1 cup raw sunflower seeds
1 cup flax seeds
1/2 cup macadamia nuts or brazil nuts
1 1/2 cups quinoa flakes (also known as rolld quinoa)
2 tbsp psyllium husks (3 tbsp if using powdered)
1 tsp unrefined sea salt
1 tbsp honey or coconut nectar
3 tbsp melted coconut oil
1 1/2 cups water
1. In a large bowl combine all dry ingredients, stirring well.
2. In a separate bowl, whisk together honey (or coconut nectar), coconut oil and water
3. Add to the dry ingredients and mix until everything is combined and the dough is very thick.
4. Transfer and press into to a greased loaf pan. It is important to press the dough very firmly into the loaf pan to avoid the loaf being crumbly.
5. Let sit out on the counter for at least two hours. You can also let it sit overnight if you would like.

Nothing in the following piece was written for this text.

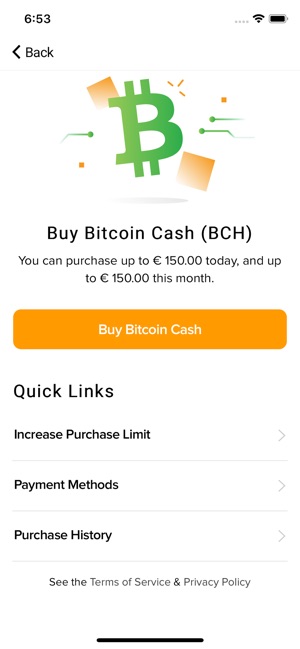 Bitcoin cash limit Bitcoin cash limit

6. You know that the dough is ready to bake when it retains its shape when pulled away from the edge of the pan.
7. Preheat the oven to 350 degrees F
8. Place the loaf pan in the oven on the middle rack and bake for 20 minutes. Remove from loaf pan and place upside down directly on the rack and bake for another 30 – 40 minutes. You will know that the bread is done when it sounds hollow when tapped.
9. Let cool completely before slicing.
10. Store in a tightly sealed container for up to five days or slice and freeze. I doubt that this bread will even make it to the freezer! Makes 12 slices.